The SDG 6 IWRM Support Programme has been set up to assist countries to streamline their approach to Integrated Water Resources Management (IWRM), as a contribution to broader sustainable development and water-related SDG targets. The Programme helps countries to design and implement responses that promote measurable progress towards SDG target 6.5. It is organised around three stages: Stage 1 – Identify challenges, Stage 2 – Formulate responses, and Stage 3 – Implement solutions. A summary report is available with the key lessons learned on the first four pilot countries to design their stage 2 activities, IWRM Action Plans – Ghana, Kazakhstan, Vietnam, and Guatemala.
The four pilot countries, with different institutional and hydrological realities, were supported over 2018-19 with a consistent methodology involving a series of workshops and multi-stakeholder consultations. These countries had the flexibility to design the approach in a way that made optimal use of the resources available. But regardless of the approach chosen, the main aim was to have the interventions designed in a way that advances the national development agenda, with buy-in from the national institution(s) with a mandate to advance the water-related SDGs.
“The key lessons we learned – first, it's a very useful exercise,” said GWP Senior Network Specialist Francois Brikké. “It's not only about working with water ministries, but also with planning ministries. We have learned that this is an enormous opportunity to make a change, so we need the right people around the table and at the right level – because decisions need to be made. You also need to invite key donor organisations in the country. This way it becomes a project that everybody can buy into."
“Global SDG monitoring and reporting is, by nature, a very top-down process”, said Gareth James Lloyd, Senior Programme Advisor at UNEP-DHI Centre. “However, the SDG 6 IWRM Support Programme provides an opportunity to leverage this top-down process to the benefit of individual countries. A lesson that I have personally found most interesting is the value of being able to support and build on existing in-country priorities and processes. As the programme is not a classic project with a fixed results framework with hard-wired outputs and outcomes, we have the opportunity to offer countries a degree of flexibility for them to determine what best suits their needs. Moving forward we need to maintain this flexibility, while also helping ensure results, impacts and necessary follow-up”.

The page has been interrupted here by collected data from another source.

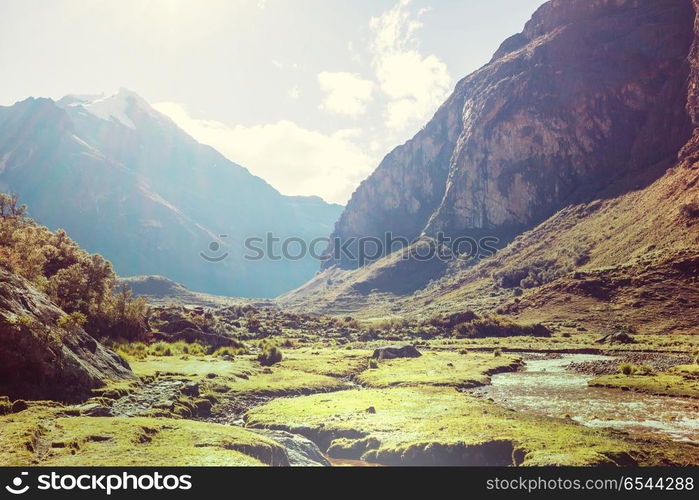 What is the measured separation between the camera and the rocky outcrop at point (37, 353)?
20.4 m

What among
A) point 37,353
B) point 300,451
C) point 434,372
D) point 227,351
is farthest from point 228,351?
point 300,451

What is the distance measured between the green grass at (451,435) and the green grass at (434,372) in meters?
10.5

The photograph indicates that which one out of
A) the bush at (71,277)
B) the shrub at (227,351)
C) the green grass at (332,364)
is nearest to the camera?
the bush at (71,277)

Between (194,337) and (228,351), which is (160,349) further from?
(194,337)

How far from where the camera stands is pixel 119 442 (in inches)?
610

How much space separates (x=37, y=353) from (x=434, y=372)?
3726cm

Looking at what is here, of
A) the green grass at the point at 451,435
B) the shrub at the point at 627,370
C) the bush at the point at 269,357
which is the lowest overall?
the bush at the point at 269,357

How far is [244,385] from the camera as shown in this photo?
3716cm

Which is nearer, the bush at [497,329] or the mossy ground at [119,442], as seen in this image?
the mossy ground at [119,442]

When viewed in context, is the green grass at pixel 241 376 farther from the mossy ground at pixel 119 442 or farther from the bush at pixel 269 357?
the mossy ground at pixel 119 442

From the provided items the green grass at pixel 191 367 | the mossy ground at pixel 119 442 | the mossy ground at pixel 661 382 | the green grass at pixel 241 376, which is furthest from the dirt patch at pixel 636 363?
the mossy ground at pixel 119 442

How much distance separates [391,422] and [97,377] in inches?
671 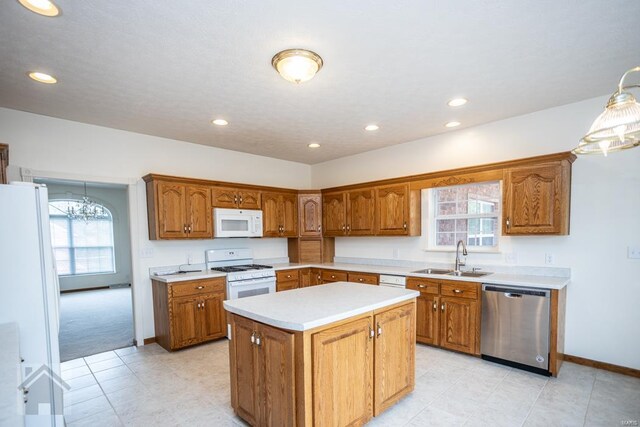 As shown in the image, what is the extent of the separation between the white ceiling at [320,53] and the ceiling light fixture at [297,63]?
0.05m

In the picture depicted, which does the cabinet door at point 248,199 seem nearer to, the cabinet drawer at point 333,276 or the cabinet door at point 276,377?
the cabinet drawer at point 333,276

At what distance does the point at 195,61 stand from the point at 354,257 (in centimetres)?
382

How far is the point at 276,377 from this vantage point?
6.19 ft

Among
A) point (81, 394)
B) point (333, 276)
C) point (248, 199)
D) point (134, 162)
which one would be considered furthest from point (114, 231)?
point (333, 276)

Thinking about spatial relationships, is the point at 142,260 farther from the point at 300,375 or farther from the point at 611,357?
the point at 611,357

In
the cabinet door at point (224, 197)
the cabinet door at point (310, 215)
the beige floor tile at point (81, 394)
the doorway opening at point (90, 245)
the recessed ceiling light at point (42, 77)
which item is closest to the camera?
the recessed ceiling light at point (42, 77)

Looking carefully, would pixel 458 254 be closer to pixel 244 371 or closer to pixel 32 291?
pixel 244 371

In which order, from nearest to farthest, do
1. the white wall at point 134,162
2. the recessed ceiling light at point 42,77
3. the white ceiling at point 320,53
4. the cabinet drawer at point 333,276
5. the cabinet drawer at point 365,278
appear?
the white ceiling at point 320,53 → the recessed ceiling light at point 42,77 → the white wall at point 134,162 → the cabinet drawer at point 365,278 → the cabinet drawer at point 333,276

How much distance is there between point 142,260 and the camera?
3930mm

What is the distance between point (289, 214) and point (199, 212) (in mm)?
1530

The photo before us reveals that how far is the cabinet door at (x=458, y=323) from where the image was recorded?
3305mm

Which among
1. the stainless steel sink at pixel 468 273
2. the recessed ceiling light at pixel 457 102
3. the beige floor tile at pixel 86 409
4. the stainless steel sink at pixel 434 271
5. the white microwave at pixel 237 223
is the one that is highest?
the recessed ceiling light at pixel 457 102

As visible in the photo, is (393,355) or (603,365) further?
(603,365)

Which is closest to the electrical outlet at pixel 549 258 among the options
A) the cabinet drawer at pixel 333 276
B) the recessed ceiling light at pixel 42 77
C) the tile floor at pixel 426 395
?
the tile floor at pixel 426 395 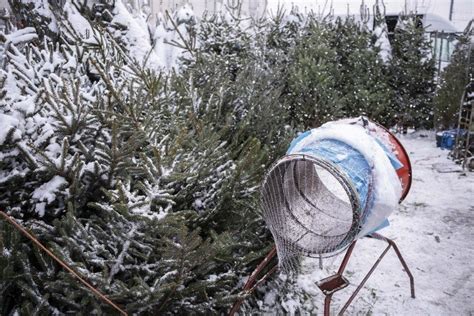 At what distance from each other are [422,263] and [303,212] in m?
2.36

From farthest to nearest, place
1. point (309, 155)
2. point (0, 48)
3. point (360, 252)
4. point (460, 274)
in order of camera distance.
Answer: point (360, 252) → point (460, 274) → point (0, 48) → point (309, 155)

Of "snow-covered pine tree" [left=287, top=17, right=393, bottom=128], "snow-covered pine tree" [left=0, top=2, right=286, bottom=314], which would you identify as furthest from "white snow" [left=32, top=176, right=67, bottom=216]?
"snow-covered pine tree" [left=287, top=17, right=393, bottom=128]

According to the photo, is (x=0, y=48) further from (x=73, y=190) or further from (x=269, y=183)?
(x=269, y=183)

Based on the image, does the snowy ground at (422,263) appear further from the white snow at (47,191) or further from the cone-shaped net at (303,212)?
the white snow at (47,191)

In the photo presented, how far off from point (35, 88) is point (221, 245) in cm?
171

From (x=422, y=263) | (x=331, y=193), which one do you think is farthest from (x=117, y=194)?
(x=422, y=263)

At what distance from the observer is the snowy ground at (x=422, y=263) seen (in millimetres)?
3621

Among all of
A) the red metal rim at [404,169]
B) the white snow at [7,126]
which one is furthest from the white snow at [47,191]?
the red metal rim at [404,169]

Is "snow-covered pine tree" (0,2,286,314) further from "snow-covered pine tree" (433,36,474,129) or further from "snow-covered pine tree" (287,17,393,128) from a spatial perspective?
"snow-covered pine tree" (433,36,474,129)

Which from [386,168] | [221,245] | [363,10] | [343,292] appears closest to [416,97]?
[363,10]

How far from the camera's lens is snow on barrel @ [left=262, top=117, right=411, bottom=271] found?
224 centimetres

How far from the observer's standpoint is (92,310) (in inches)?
81.9

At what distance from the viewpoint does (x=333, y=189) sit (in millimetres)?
3203

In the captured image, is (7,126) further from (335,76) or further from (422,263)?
(335,76) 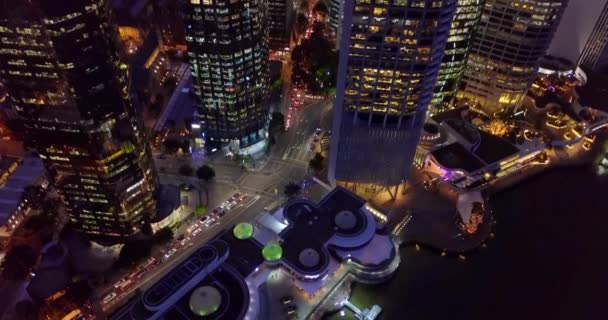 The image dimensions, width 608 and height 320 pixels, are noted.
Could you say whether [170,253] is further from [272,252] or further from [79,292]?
[272,252]

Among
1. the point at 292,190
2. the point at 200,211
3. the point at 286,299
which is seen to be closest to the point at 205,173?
the point at 200,211

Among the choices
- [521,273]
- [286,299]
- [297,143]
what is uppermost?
[297,143]

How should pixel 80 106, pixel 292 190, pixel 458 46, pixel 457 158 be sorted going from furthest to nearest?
pixel 458 46
pixel 457 158
pixel 292 190
pixel 80 106

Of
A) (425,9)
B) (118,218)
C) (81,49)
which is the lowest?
(118,218)

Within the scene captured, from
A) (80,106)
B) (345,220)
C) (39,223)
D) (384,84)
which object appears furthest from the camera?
(39,223)

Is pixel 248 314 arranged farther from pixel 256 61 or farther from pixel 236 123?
pixel 256 61

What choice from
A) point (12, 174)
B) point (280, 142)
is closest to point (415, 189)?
point (280, 142) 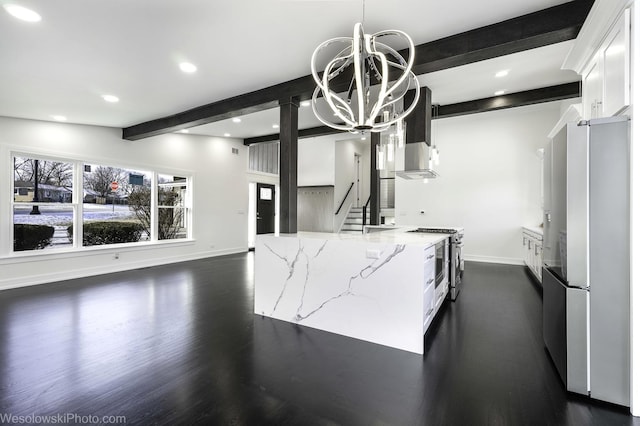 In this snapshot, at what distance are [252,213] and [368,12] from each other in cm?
754

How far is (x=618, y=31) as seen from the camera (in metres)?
2.08

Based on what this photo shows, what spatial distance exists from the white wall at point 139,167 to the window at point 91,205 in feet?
0.61

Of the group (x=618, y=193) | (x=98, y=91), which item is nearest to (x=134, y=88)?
(x=98, y=91)

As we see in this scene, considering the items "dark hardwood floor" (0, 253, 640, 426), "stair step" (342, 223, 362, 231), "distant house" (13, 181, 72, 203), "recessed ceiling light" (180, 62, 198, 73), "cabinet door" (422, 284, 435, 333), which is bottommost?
"dark hardwood floor" (0, 253, 640, 426)

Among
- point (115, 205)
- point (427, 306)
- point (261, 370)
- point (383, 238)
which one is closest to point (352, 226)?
point (383, 238)

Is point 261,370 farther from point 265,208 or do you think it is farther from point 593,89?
point 265,208


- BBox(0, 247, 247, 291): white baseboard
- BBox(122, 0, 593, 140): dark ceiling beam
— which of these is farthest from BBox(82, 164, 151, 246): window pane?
BBox(122, 0, 593, 140): dark ceiling beam

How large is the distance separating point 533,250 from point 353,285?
4.24 meters

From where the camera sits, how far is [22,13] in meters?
2.39

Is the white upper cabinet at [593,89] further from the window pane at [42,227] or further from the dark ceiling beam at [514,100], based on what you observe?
the window pane at [42,227]

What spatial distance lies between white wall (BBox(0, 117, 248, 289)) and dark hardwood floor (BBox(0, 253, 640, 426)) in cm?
138

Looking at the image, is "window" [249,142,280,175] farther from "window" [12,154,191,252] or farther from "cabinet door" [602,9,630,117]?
"cabinet door" [602,9,630,117]

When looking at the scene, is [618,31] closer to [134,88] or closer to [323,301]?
[323,301]

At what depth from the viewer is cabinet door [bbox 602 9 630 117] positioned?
1.94 meters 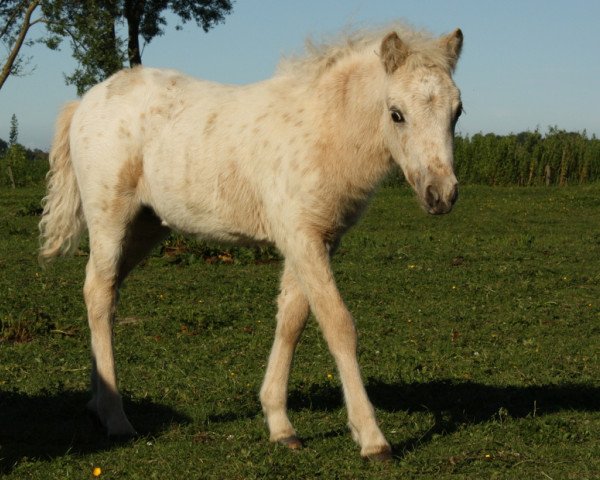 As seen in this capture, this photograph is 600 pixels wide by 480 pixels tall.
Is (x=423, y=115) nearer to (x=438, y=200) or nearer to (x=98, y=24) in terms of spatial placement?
(x=438, y=200)

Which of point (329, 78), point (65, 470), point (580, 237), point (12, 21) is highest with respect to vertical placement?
point (12, 21)

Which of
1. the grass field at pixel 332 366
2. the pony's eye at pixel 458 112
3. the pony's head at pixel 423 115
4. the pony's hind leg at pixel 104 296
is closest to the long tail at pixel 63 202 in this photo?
the pony's hind leg at pixel 104 296

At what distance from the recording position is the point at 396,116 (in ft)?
17.5

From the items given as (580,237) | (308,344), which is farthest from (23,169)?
(308,344)

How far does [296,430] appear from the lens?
6.22 meters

In 2020, a second round of monitoring SDG 6.5 implementation will be carried out through an IWRM survey, giving countries the possibility to start a comparative analysis on how their integrated approach to water resources management has progressed between 2017 and 2020. It will also be an opportunity for the four pilot countries to maintain a focus on implementing the Action Plans they agreed to and to advance water management as a contribution to meeting their own SDG targets. Similarly, in addition to facilitating multi-stakeholder analysis of the current status of IWRM implementation in at least 60 countries in 2020, the Support Programme will assist 20 of those countries in defining their Action Plans for the coming years, building on the lessons learned in the four pilot countries.
Photo: The SDG 6 workshop in Ghana was held on 20 June 2019.